A pause. “Are you alright?”
“N—yeah. Yeah, I’m fine.”
Hayden breathes shallowly, cheek pressed against the wall, nose prongs of his glasses pushed askew. A double rhythm echoes out to Horatio—Charles’s footsteps picking up speed as Hayden’s heart pounds harder, syncopated beats against each other. “This isn’t over,” Charles says as he pries Hayden away from the wall. It’s a gentle touch. “Hayden,” he says. “This isn’t over.”
Hayden lets himself be moved. Horatio sees reluctance in his stubbornly closed eyes, but his muscles are pliant. He’s tired. He comes upright as his uncle guides him.
“I know,” Hayden says.
“This won’t be over until we fix it.”
“I know.”
“Hayden, look at me.”
Light leaks back into the room. For Hayden, the world is first black, then hazy colours as he blinks his eyes open. What he sees layers over Horatio’s understanding. Horatio sees the whole of the room and then in perspective: Hayden’s uncle crouched in front of him, brows stitched together in concern. Horatio studies the bend of Charles Lichfield’s spine, the way his hands on Hayden’s shoulders elicits an involuntary little sigh from Hayden’s lips. “So long as you’re here,” he says, “you’re under my protection, and I intend to get to the bottom of this.”

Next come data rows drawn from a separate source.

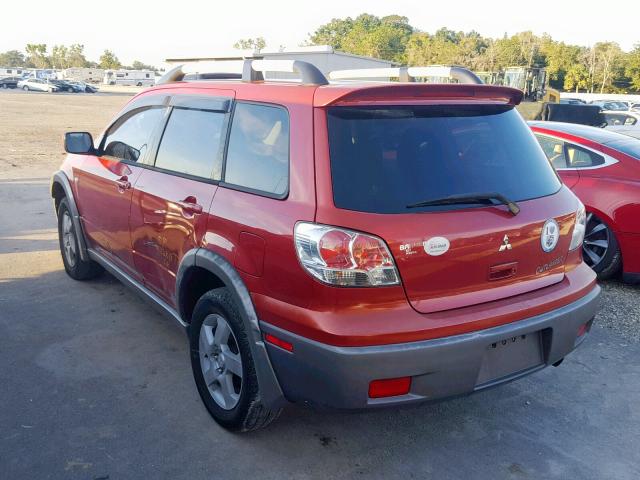 JA4LX41G73U030163 - 2003 MITSUBISHI OUTLANDER RED photo 3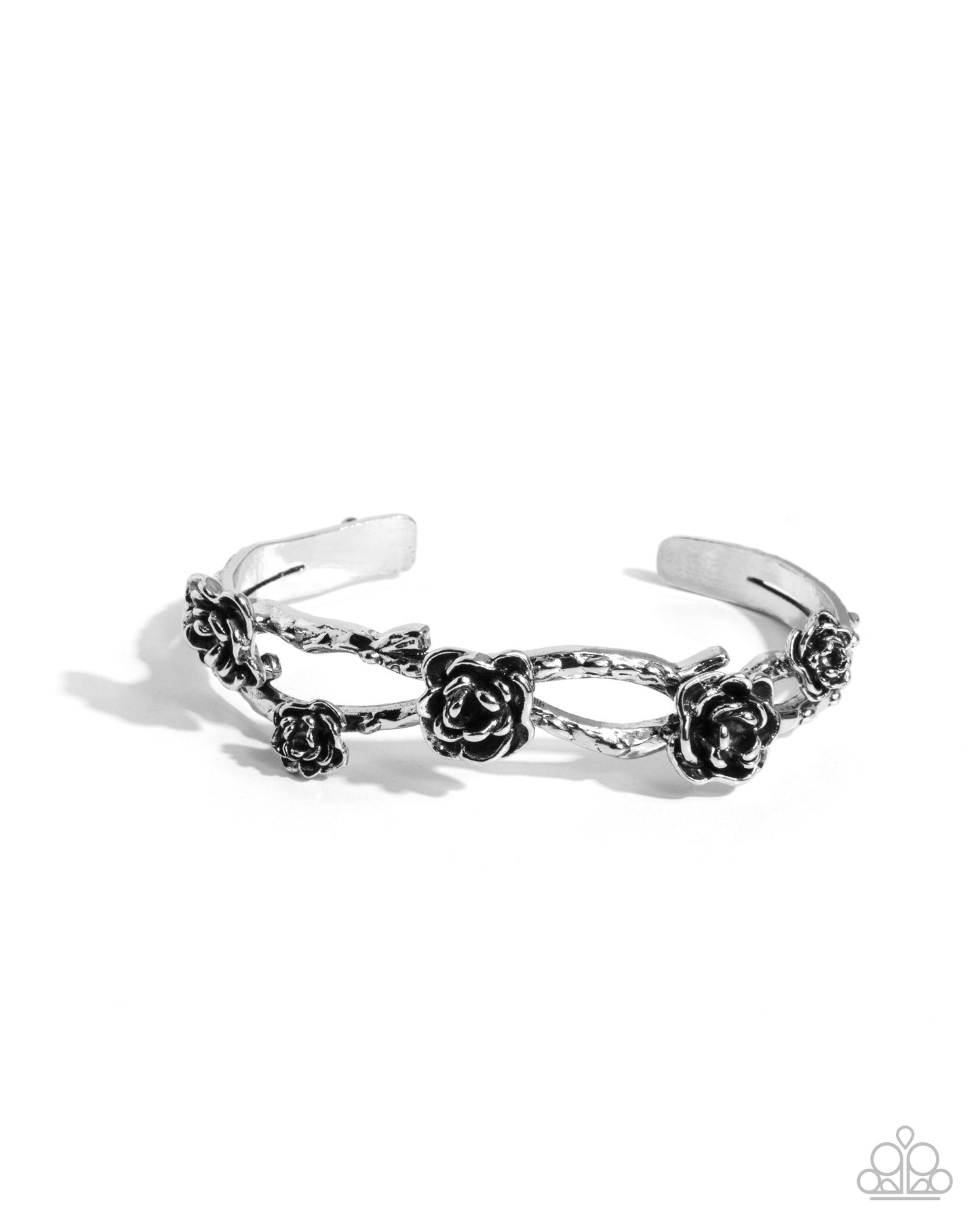 PERFECT MATCH / SET: Rosy Reputation - Silver Roses Choker Necklace AND Botanical Blend - Silver Roses Cuff Bracelet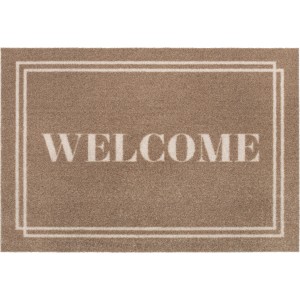 Rohožka Welcome, 40x60 cm, hnedá s bielym nápisom "WELCOME" a rámom.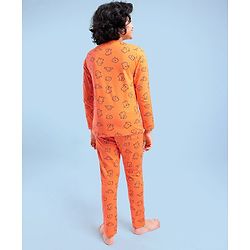 Pine Kids Full Sleeves Cotton Night Suit with Ghost Print - Orange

Through the link, Horatio catches sight of a flitting memory, so powerful it suddenly overpowers him. Only a flash: red slashed report cards, Hayden seventeen and teary, his uncle prying his hands off a glinting kitchen knife, sitting him down on the couch. Hayden’s hands clutching his uncle’s; bruises, the next day, dotting the pristine line of Charles’s knuckles.
When the image fades, Hayden is pulling back from his uncle’s embrace. “Thanks,” he says, his lips twitching into a smile. “I’m okay, really.”
Charles nods once, curt. He turns out towards the rest of the room, and Horatio does a quick catalogue: Paul Xia, wiping at his forehead with a handkerchief; Felicia Xia, a foot propped up on the doorframe; Rasmussen, standing quietly by Charles’s desk.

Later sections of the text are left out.